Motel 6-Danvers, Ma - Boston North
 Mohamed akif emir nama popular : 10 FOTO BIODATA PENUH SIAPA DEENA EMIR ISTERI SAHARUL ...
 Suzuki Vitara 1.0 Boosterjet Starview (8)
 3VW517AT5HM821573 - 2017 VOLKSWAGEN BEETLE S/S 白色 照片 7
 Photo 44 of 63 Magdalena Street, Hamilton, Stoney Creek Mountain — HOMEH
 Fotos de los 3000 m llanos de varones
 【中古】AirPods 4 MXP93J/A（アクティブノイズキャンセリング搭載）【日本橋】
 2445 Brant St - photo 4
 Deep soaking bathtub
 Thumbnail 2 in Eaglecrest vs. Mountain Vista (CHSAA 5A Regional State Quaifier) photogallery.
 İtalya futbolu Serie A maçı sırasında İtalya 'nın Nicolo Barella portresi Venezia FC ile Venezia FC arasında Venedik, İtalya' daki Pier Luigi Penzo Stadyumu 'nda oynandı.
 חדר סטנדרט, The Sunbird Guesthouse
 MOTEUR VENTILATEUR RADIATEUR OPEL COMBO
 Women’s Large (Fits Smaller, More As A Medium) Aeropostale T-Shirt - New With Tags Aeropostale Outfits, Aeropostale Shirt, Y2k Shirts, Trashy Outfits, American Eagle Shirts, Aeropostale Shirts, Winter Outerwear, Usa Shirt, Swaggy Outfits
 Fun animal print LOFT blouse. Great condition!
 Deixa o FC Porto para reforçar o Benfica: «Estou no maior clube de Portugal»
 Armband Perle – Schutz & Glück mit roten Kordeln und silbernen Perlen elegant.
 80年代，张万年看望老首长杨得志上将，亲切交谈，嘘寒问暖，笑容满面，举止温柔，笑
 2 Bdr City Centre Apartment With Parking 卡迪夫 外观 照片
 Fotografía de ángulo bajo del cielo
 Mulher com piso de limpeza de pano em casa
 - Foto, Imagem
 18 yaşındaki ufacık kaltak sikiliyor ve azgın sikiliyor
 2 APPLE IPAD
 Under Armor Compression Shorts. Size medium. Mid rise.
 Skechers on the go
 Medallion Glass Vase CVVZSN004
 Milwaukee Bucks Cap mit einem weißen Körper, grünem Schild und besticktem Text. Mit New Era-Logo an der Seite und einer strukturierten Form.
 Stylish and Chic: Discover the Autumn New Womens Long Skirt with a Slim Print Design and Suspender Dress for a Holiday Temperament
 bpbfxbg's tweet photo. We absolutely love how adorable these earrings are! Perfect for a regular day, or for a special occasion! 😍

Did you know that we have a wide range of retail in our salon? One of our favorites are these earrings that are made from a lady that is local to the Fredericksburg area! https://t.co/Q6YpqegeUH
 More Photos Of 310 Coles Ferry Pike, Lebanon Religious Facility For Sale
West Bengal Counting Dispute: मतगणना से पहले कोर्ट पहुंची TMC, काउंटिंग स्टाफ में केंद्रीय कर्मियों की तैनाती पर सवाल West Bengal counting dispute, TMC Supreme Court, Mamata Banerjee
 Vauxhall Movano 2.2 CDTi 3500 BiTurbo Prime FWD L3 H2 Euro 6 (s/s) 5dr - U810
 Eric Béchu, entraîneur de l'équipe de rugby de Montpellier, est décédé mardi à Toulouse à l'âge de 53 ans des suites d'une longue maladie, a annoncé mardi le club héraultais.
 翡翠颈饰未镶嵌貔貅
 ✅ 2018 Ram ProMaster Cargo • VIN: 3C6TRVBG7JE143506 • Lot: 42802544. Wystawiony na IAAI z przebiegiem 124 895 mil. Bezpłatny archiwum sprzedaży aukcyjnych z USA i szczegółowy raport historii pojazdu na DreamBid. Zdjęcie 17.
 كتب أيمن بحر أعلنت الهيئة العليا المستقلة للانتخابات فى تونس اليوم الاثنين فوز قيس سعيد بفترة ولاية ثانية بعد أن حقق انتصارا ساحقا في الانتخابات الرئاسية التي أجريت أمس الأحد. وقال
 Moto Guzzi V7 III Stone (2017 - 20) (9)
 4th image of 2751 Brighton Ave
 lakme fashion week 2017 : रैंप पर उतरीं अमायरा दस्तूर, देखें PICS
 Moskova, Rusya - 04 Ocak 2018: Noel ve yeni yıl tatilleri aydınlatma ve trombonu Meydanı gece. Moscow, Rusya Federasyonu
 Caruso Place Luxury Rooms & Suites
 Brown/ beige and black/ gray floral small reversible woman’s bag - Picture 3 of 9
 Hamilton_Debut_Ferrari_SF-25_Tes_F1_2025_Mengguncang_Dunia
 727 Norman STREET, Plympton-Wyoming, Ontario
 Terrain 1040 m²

Your objective: Nothing but the lines from the one with "727 Norman STREET, Plympton-Wyoming, Ontario" through the last line of the entries should be repeated, and those exactly.

Response to this task:
 727 Norman STREET, Plympton-Wyoming, Ontario
 Terrain 1040 m²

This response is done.